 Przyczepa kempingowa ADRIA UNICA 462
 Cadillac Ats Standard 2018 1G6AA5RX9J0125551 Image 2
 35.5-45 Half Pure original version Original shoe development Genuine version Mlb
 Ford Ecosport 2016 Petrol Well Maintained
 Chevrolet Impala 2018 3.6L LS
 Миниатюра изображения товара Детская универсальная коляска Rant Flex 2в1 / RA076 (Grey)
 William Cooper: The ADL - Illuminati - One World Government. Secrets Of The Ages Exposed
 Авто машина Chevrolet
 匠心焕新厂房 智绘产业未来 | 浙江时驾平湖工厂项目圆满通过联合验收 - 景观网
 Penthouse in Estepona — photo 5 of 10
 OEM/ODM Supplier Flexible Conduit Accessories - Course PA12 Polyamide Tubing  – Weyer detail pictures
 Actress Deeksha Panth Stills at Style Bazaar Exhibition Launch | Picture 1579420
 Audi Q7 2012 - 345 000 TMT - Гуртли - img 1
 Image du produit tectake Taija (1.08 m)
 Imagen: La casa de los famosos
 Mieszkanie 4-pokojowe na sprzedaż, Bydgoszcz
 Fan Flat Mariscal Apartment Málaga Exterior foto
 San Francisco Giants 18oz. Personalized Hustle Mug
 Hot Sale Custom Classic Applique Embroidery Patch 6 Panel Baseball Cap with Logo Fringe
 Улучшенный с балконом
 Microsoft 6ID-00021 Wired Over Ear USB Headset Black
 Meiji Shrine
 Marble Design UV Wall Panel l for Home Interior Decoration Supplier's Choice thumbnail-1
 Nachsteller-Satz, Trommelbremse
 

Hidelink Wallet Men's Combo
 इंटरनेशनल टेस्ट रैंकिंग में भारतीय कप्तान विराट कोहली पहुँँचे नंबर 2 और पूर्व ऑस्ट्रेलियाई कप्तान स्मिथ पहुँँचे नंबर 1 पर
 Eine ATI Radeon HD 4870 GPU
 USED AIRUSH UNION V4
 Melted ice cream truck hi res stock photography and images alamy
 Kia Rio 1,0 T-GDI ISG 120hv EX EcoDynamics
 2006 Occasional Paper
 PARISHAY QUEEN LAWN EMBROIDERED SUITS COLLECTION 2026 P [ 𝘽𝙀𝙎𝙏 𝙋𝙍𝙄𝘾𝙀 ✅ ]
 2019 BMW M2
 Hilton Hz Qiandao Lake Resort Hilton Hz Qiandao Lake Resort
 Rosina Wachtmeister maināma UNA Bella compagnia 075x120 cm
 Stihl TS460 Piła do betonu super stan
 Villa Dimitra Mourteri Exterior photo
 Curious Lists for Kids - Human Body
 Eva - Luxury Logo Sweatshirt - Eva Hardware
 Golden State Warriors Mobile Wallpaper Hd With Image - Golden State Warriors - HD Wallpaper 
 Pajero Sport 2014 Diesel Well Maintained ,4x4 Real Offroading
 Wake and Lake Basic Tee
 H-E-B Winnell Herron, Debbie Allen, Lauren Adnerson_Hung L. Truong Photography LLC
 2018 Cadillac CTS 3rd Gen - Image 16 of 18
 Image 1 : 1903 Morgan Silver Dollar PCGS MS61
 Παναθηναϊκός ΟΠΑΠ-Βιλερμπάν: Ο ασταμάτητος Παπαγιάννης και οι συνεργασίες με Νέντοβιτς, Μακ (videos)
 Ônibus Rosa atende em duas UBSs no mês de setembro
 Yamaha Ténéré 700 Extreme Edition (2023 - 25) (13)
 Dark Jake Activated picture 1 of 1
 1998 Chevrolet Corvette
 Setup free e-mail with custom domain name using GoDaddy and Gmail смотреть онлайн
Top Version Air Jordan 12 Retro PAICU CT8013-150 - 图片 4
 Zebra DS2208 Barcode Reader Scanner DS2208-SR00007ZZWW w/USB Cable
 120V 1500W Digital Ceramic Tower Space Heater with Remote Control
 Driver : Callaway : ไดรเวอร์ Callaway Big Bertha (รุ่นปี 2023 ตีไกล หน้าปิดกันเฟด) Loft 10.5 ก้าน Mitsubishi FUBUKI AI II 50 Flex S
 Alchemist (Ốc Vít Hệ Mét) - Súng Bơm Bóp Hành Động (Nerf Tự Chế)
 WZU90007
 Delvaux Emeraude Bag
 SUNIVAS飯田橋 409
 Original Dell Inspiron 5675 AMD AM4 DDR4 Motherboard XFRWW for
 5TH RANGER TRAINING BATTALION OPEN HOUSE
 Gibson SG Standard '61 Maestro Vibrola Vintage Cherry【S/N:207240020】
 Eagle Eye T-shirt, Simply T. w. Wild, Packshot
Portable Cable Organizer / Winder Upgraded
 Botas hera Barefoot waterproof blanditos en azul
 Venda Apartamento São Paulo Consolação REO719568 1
____
# Problem to solve
Print exactly the lines above, between the one holding "Παναθηναϊκός ΟΠΑΠ-Βιλερμπάν: Ο" and the one holding "Setup free e-mail", inclusive, and nothing besides.

# Result
 Παναθηναϊκός ΟΠΑΠ-Βιλερμπάν: Ο ασταμάτητος Παπαγιάννης και οι συνεργασίες με Νέντοβιτς, Μακ (videos)
 Ônibus Rosa atende em duas UBSs no mês de setembro
 Yamaha Ténéré 700 Extreme Edition (2023 - 25) (13)
 Dark Jake Activated picture 1 of 1
 1998 Chevrolet Corvette
 Setup free e-mail with custom domain name using GoDaddy and Gmail смотреть онлайн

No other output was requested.